No liabilities or receivables in foreign currencies
There were no significant liabilities or receivables in foreign currencies during the reporting period, as we generate almost 100% of total income in the eurozone. It is therefore not necessary for us to hedge net items in foreign currencies by means of hedging instruments. You can find details on the financial risks in the notes to the consolidated financial statements in the "Financial risk management" chapter.
Equity ratio at 17.5%
The Group's equity capital backing and liquidity remain good. As of the balance sheet date, shareholders' equity amounted to € 424.8 million and was therefore above the previous year's level (€ 404.9 million). The Group net profit of € 34.5 million for the financial year 2018 had a significant effect on this. However, this was counteracted by the dividend payment of € 21.9 million for the financial year 2017. Due to the higher balance sheet total, the equity ratio declined from 18.7% to 17.5%. The regulatory core capital ratio was 19.6% (20.0%) on the balance sheet date. Even with today's group structure, MLP still expects increased capital requirements for the next few years in order to meet the revised definition of equity and stricter requirements of Basel III.

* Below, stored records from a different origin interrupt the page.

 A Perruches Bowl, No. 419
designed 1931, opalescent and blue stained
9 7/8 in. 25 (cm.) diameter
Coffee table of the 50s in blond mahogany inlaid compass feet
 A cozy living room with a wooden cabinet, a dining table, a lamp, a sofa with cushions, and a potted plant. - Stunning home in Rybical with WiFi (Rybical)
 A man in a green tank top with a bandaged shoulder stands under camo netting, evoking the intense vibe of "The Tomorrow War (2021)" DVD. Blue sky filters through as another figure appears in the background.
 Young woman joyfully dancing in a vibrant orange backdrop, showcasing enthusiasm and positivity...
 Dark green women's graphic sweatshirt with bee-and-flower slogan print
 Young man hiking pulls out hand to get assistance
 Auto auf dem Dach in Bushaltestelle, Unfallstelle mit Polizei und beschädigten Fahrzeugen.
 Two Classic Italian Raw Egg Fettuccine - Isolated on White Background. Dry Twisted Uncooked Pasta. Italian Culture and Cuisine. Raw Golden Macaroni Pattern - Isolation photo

At present, we are not using any borrowed funds to finance the Group. Our non-current assets are financed in part by non-current liabilities. Current liabilities due to clients and banks in the banking business represent further refinancing funds that are generally available to us in the long term. Total liabilities due to clients and financial institutions in the banking business of € 1,720.5 million (€ 1,501.2 million) essentially comprise client deposits, which have no financing function for the Group. These liabilities are offset on the assets side of the balance sheet by € 1,455.2 million (€ 1,336.2 million) in receivables from clients and financial institutions in the banking business.
Since provisions only account for 3.9% (4.1%) of the balance sheet total, they have no significant financing function for the Group. Other liabilities increased to € 165.8 million (€ 154.9 million) on the balance sheet date, while current liabilities reduced to € 141.9 million (€ 149.1 million). These are essentially liabilities from operating activities. Current liabilities are offset on the assets side by cash and cash equivalents of € 385.9 million (€ 301.0 million), which are attributable to higher deposits at the Deutsche Bundesbank, and financial investments of € 165.3 million (€ 158.5 million), as well as other current assets of € 112.1 million (€ 111.1 million).

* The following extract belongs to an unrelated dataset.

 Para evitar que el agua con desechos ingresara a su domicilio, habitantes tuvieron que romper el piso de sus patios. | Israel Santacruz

On the balance sheet date of December 31, 2018, there were financial commitments from rental and leasing agreements amounting to € 14.0 million (€ 13.7 million). These mainly constitute liabilities from the renting of our branch offices, as well as leasing of motor vehicles and office equipment. They can result in potential total liabilities of € 62.3 million (€ 67.6 million) by the year 2024.
Cash flow from operating activities increased to € 141.2 compared to € 115.5 million in the same period of the previous year. Here, significant cash flows result from the deposit business with our clients and from the investment of these funds.
Cash flow from investing activities changed from € -2.6 million to € -34.5 million. Compared to the same period of the previous year, investments in intangible assets and property plant and equipment were higher.
All figures in € million | 2018 | 2017 |
Cash and cash equivalents at beginning of period | 301.0 | 184.8 |
Cash flow from operating activities | 141.2 | 115.5 |
Cash flow from investing activities | -34.5 | -2.6 |
Cash flow from financing activities | -21.9 | -8.7 |
Change in cash and cash equivalents | 84.9 | 104.2 |
Adjustments from demerger operations | - | 12.0 |
Cash and cash equivalents at end of period | 385.9 | 301.0 |
As of the balance sheet date, December 31, 2018, the MLP Group has access to cash holdings of around € 436 million. A good level of liquid funds therefore remains available. There are sufficient cash reserves available to the MLP Group. Alongside cash holdings, free lines of credit are also in place.
MLP generally finances capital expenditures from cash flow. The total investment volume in intangible assets, as well as property, plant and equipment in the past financial year rose to € 26.6 million. The vast majority of investments were made in property, plant and equipment. Investments in operating and office equipment, as well as software and IT represented another focus. By increasing our free equity capital in 2017 within the scope of further optimising the corporate structure, we also significantly extended our entrepreneurial and economic room for manoeuvre - for example to make investments.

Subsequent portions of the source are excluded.